Non ho dati per poter sostenere se questo sia vero o meno. Io credo che distinguersi paghi ancora, anche a livello commerciale (e per questo farò solo esempi pop). Quasi tutte le grandi star internazionali - Adele, Beyoncé, Dua Lipa, Lorde, Billie Eilish, Ariana Grande, Olivia Rodrigo - hanno più elementi che le distinguono tra loro e dalla gran parte delle colleghe di quante non le accomunino. Non mi riferisco solo a un impalpabile fattore X: parlo di differenze di registro vocale, preferenze di tempo e giri armonici, idiosincrasie produttive, scorciatoie melodiche. Se vogliamo fare un esempio italiano: Annalisa è diventata una popstar indiscutibile quando ha cominciato a fare canzoni synth-pop e italodischeggianti che non assomigliavano al resto del mainstream (allego una classifica dei 100 singoli più ascoltati del 2022, per chi volesse rinfrescarsi la memoria): un revival, certo, ma che è sembrato particolarmente riuscito perché si prestava meglio alla sua voce e alla sua immagine di quanto non avessero provato prima lei e il suo team.
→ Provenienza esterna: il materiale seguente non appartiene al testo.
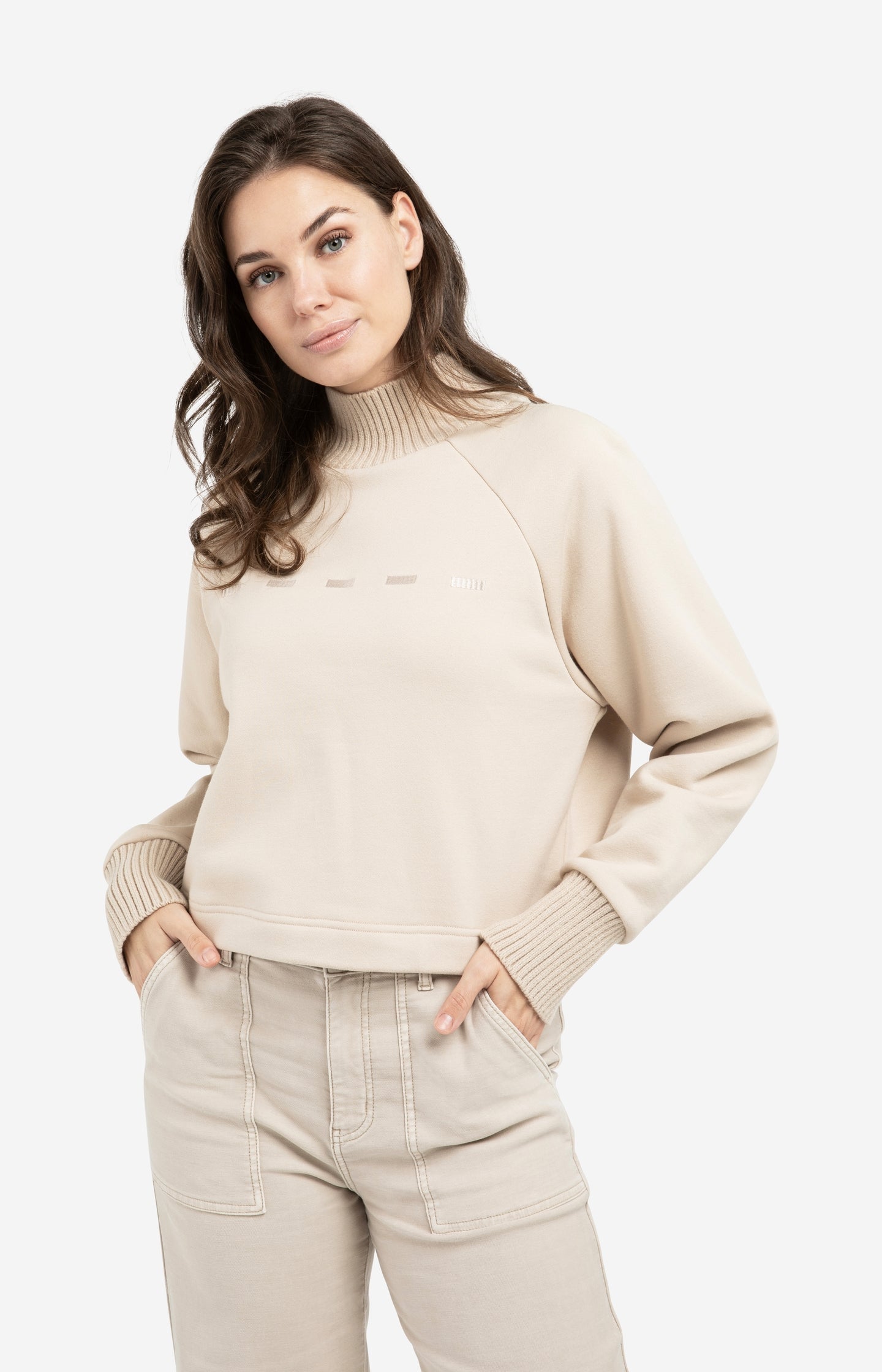 Sweater with knitted collar and subtle stitching - Type: lookbook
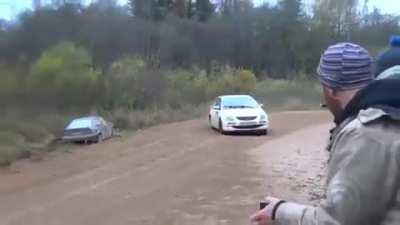 Man they’re really getting some closeup shots of the cars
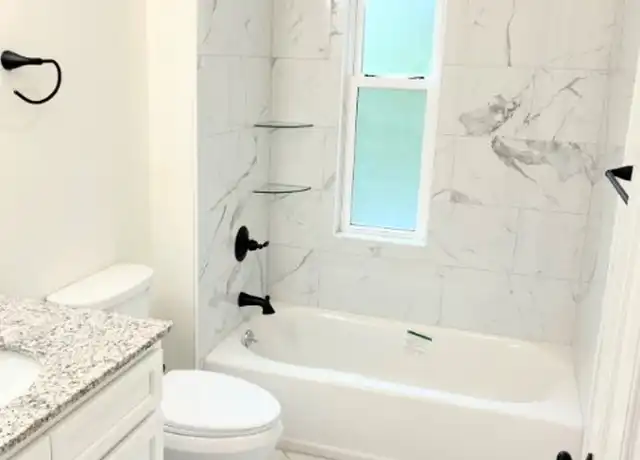 Property at 470 Howard Ave Unit 2B, New Haven, CT, 06519, 3 beds, 1 bath, [object Object]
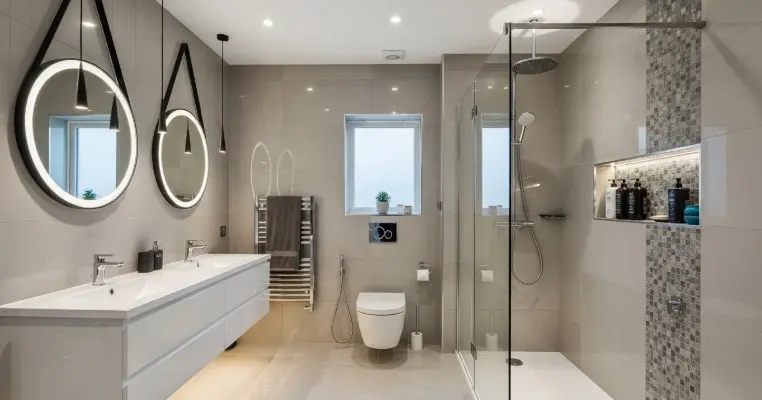 EN suite bathroom renovation modern luxury design with walk-in shower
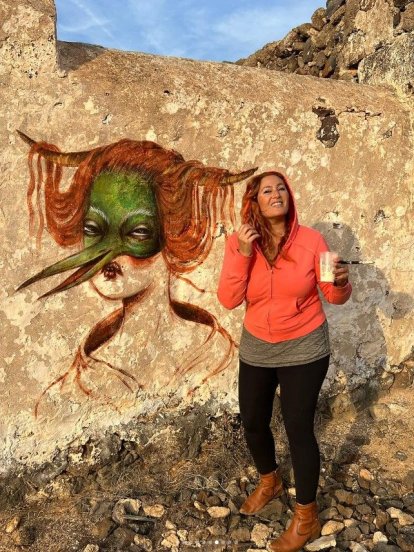 La turista junto al mural en Lanzarote (Vía Instagram)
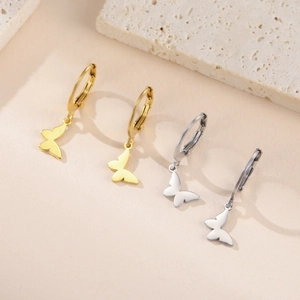 Vue détaillée de boucles d'oreilles créoles papillon en finitions or et argent poli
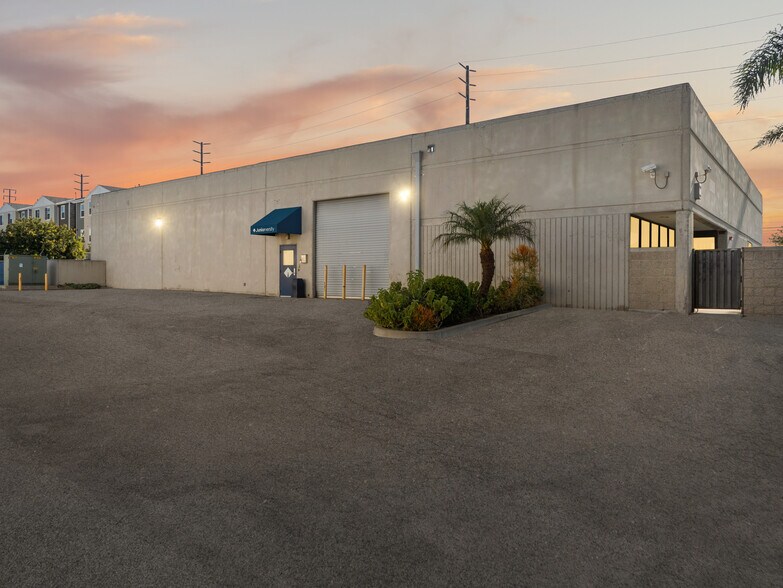 More Photos Of 2350-2400 S Central Ave, Compton Warehouse For Lease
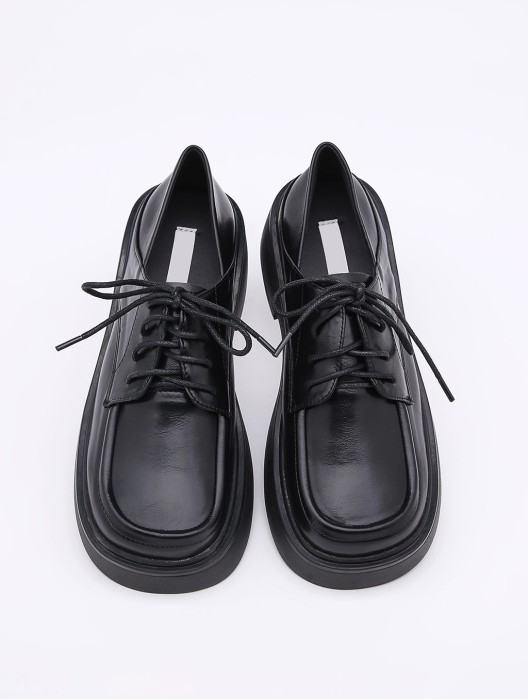 Lace-up closure Loafers
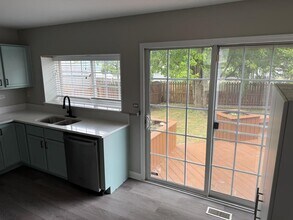 3238 Gresham Ln E in Aurora, IL - Foto de edificio - Building Photo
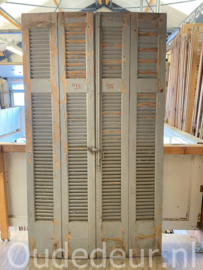 nr. L41s set oude louvre luiken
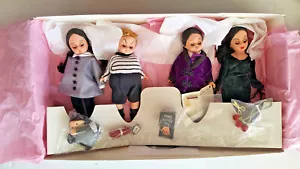 Madame Alexander ADDAMS FAMILY NRFB Complete All Accessories w/ Original Box - Picture 1 of 12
Il pubblico riccardone del 1986, demonizzando la DX7, attribuendole la “rovina” della musica, e lamentandosi per la brutta fine che aveva fatto il pop, si comportava precisamente come si comportano oggi quelli che non si vergognano a scrivere: “la musica ai miei tempi era migliore”. Le polemiche che circolano sono sempre le stesse, ugualmente lontane dalla realtà dei fatti: “L’atteggiamento comune nei confronti dei preset della DX7, a metà anni ‘80 - prosegue Lavengood - può paragonarsi a quello di oggi nei confronti di autotune: tutti lo usano, ma nessuno vuole ammetterlo”. Eppure, il pubblico ascoltava con voracità quelle canzoni “tutte uguali”. Fino a quando il mercato non ha cercato altri suoni, e il pop è cambiato. Come fa sempre, ciclicamente.
Autotune un giorno passerà di moda. Da presenza assolutamente normale e quotidiana, il medium dentro il quale sguazzano tutte le orecchie esattamente come i pesci nell’acqua, anche autotune potrebbe finire per sembrarci un’affettazione tipica di un’epoca (i primi 20 anni del terzo millennio?). Questo è il destino dei suoni. Che però possono continuare a esistere senza doversi portare a spasso tutto il bagaglio di un’estetica (magari solo un piccolo borsellino). Anche la chitarra, la scelta di Flavio Giurato nell’intervista di Vice che ho citato all’inizio, un giorno smetterà di sembrare “senza tempo” e darà solo l’impressione dello strumento archeologico, come una cetra o un flauto d’osso. E allora la sua presenza, oggi tutto sommato invisibile, tornerà ad avere un significato socio-culturale pesantissimo. Perché, che i suoni siano o meno estetiche lo decidiamo noi. Noi che ascoltiamo, e noi che costruiamo discorsi intorno a quello che si ascolta (giornalisti? critici?).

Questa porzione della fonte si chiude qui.